Origins & History


Bharatnatyam is a popular dance form of India.


This dance technique from South India comes from a land of ancient Hindu culture & traditions. The Puranas give us the meaning of Bha-ra-tha as a combination of Bhava (Expression), Raga (Melody) and Thala (Rythym).


This great dance form was handed down to us by the dance teachers called "Nattuwanars" and was performed in the temples of South India by the Devadasis or dancers dedicated to Gods. The technique has evolved over the centuries to become one of the most comprehensive dance forms in the world, combining Nrita or pure dance, Nritya or interpretative dance and Abhinaya of the highest order. It is by the effort of the Tanjore Quartet who created the Bharatanatya Programme as it is presented today. Bharatanatya can be performed as a Solo dance and dance dramas also.


It is believed that gods and goddesses pleaded Lord Brahma, the Creator of the Universe, to create a veda for the common man to understand. In keeping with this request Lord Brahma created the fifth veda, Natyaveda, which is an essence of the four vedas. He took pathya (words) from the Rigveda, abhinaya (gestures) from the Yajurveda, geet (music and chant) from the Samaveda and rasa (sentiment and emotions) from the Atharvaveda to form the Natyaveda.

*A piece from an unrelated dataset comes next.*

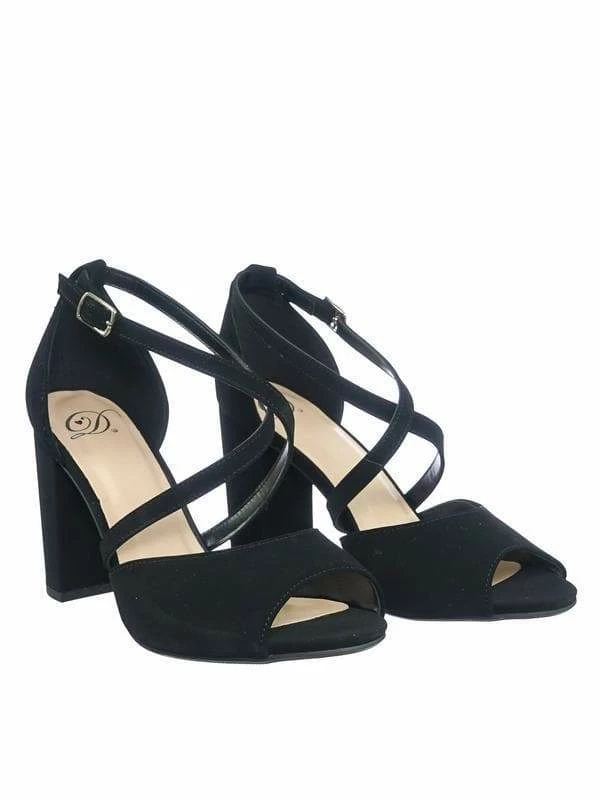 Delicious New Because Two Piece Chunky Block Heel Open Toe Dress Sandal W Cross Strap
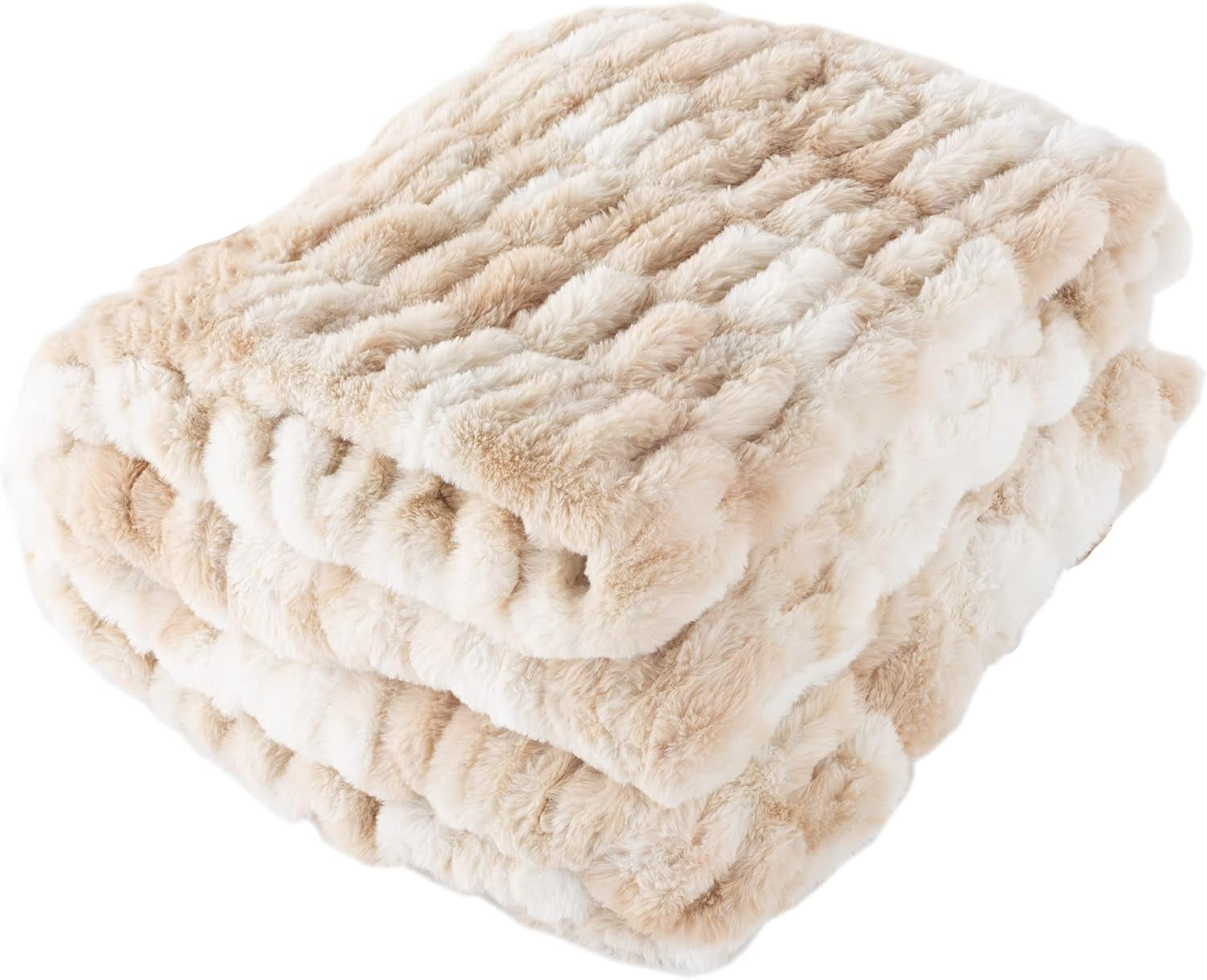 Lavish Home Oversized Gerüschte Faux Fur Blanket, 152.4 X 203.2 Cm, Jacquard Faux Fur, Queen Size Throw pentru paturi și canapele, gri Paturi si Cuverturi Lavish Home Smântână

After creating the Natyaveda, Lord Brahma gave the same to sage Bharata to popularise the veda on earth. Following the instructions of the lord, sage Bharata wrote the Natyashastra, the Science of Dramaturgy, a great comprehensive work on the science and technique of Indian drama, dance and music. It is believed that the dance form Bharatnatyam may have got its name from the great sage.


There is also another story which says that Goddess Parvathi taught this dance form to Usha, daughter of Banasura, a demon. Thus the divine dance form Bharatanatyam was introduced to mankind.


In Indian mythology, Lord Shiva is considered as the supreme lord of dance. This divine art form is performed by Lord Shiva & his wife Goddess Parvathi. The Dance performed by Lord Shiva is known as Tandava, which depicts his violent nature as the destructor of the universe. The tandava performed with joy is called Ananda Tandava and performed in a violent mood is called Rudra Tandava. Tandava has vigourous, brisk movements. The dance performed by Goddess Parvathi is known as Lasya, in which the movements are gentle, graceful and sometimes erotic. Some scholars call Lasya as the feminine version of Tandava.


The art form has definitely gone through lot of changes over the years. In olden days it was performed mostly by female artists. They were called Devadasis, who would perform in the temples. These devadasis were accomplished artists who would sing, dance, play many instruments. They were well versed in Sanskrit & other languages which helped them to interprete compositions which they would perform. But this tradition came to an end as the devadasis lost their position in society.


Then dance entered the royal courts. Here the artists called Rajanartakis, performed in the courts of kings who gave them shelter. Even these were accomplished artists like devadasis.


The next well-documented period of dance history is far more recent. In the first half of the 19th century the dance tradition was revitalized and defined anew through the contributions of four talented brothers (known today as the Tanjore Quartet): Chinniah, Sivanandam, Ponniah and Vadivelu. By coordinating their diverse talents, the four managed to organize all the basic dance movements of pure dance into a progressive series of lessons [adavu chapters]. Each adavu (basic unit of motion) was taught in systematic order and then combined with others to produce choreographed sequences based upon the rhythmic contour of a musical composition. In addition, the brothers composed new music specifically for the dance, and introduced a different sequence of items which integrated the various aspects of dance and music into a carefully coordinated, aesthetically sound progression. This infusion of creative energy marks the early 19th century as one of the most innovative periods in the history of Indian dance.


Even though Bharatanatyam has gone through lot of changes, it still has its roots deep into the religious and rich mythological heritage of India. In the modern day scenario it is performed by both male & female artists. Many learn as a hobby and some make it as a profession. Whether taken as a hobby or a profession it certainly needs lot of practice, concentration and dedication.